Ich will mich mit diesen Bemerkungen meinen Erinnerungen nicht entziehen. Ich schicke sie voraus, weil ich meinen Erinnerungen miβtraue, weil ich allen Erinnerungen miβtraue.
(HE 20–21)
[Today I turn 73, and if I had to formulate my life experience into one sentence for the benefit of a completely uninterested world, I would say: History does not exist. History is a kind of useful metaphysics good for helping one to cope with mortality, a beautiful veil wrapped around the empty skull of death. History does not exist, because whenever we collect the minute building blocks of a past age, we arrange and animate these little fragments and dim photographs solely with our own breath, falsifying them through our dim-witted irrationality, and thereby totally failing to understand them. Man created the gods in order to live with the unbearable fact of death, and he created the fiction of history to give vanished time a meaning, making it possible to bear and comprehend meaninglessness. Behind us history and before us God: that is the corset that enables us to walk erect. And I believe that the rattle of the dying is the dawning awareness of reality. The dead need no corsets.
I am not trying to evade my memories by making these remarks; I offer them as a preface because, distrusting all memories, I distrust my own.]
Kruschkatz turns out to be a disappointed metaphysician: without the comfort of Marxist historical teleology, history ceases to have any meaning for him, reverting to a random assemblage of facts organized by externally imposed, falsifying illusions.

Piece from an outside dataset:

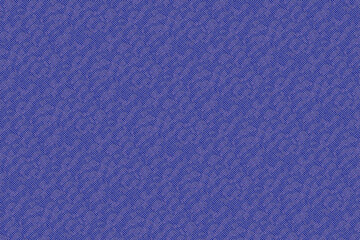 bricks stone texture backdrop surface pattern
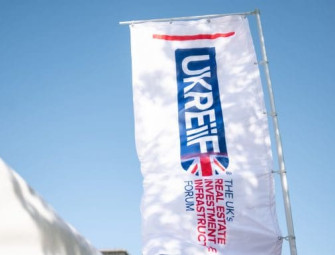 UKREiiF to return to Leeds in 2026 Image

His predicament is that of the pious atheist, who must consciously reject what he subconsciously cannot live without. Thus it is important to note that disappointment over this falsification of dogmatic, teleological Marxism is only one of many possible reactions: it is specific to Kruschkatz, and certainly cannot to be generalized as a view shared by Hein, who disagrees with Kruschkatz's distaste for the present-day influence on what passes for history. (History is always a matter of present concerns, not past ones.) Despite his self-proclaimed practicality, Kruschkatz remains a metaphysician and an ideologue; Hein is the practical one, interested in bringing about changes in the here and now through the exercise of social autobiography. History as Hegel envisioned it may be an illusion, but history may still be understood as an active force in contemporary human affairs. Thus Kruschkatz is an unhappy nihilist, not a relativist. His detestation of a history that consists largely of distortions and fantasies by present-day, living people actually mirrors Horn's view, as expressed to Spodeck near the end of the novel; the two historians simply apply different value judgments to the same, commonly acknowledged situation. Horn accepts the inevitable fictionality of history and remains a historian, while Kruschkatz confuses fiction with reality and becomes a functionary (McKnight, “Ein Mosaik” 420–421).12
Kruschkatz's subsequent account of his second meeting with Horn betrays a more confused, and (as yet) less disillusioned attitude toward history, since most of the disillusionment emerges from thirty years of hindsight. In light of Hein's interview remarks, the earlier viewpoint is, like the later one, most likely neither wholly right nor wholly wrong. Kruschkatz's feelings toward Horn are complex and contradictory, as were Spodeck's. Like Spodeck, the Bürgermeister regards Horn as a coward, and for a similar reason: Horn's inability or unwillingness to adjust to reality in order to survive. Kruschkatz and Spodeck, experts at bending with prevailing winds, admire in Horn the same character traits that they disdain. The Bürgermeister elaborates:
Horn war für diesen Tod bestimmt wie ein Ochse für den Schlachthof. Er war nicht lebenstüchtig. Er war für ein Leben unter Menschen nicht geeignet. Ich sage dies ohne jede Wertung oder Verachtung, ich habe ihn immer geschätzt. Und ich meine, es ist kein allzu hoher menschlicher Wert, auf dieser Erde lebenstüchtig zu sein. Es gab prächtige Menschen, die es nie waren. Aber da wir nun einmal genötigt sind, in menschlicher Gemeinschaft zu leben, ist ein gewisses Maβ an Bereitschaft für dieses Leben, ob zu loben oder nicht, erforderlich und somit eine Tugend.
(HE 61)
[Horn was predestined for this death like an ox for the slaughter-house. He was not competent at living. He was unsuited for a life among human beings. I say this without judgment or contempt, I always had a high opinion of him. And I think that competence at living on this earth is no very high human value. There have been splendid people who were never so gifted. But since we are, after all, required to live in human communities, a certain measure of readiness for this life is mandatory and to that extent a virtue, like it or not.]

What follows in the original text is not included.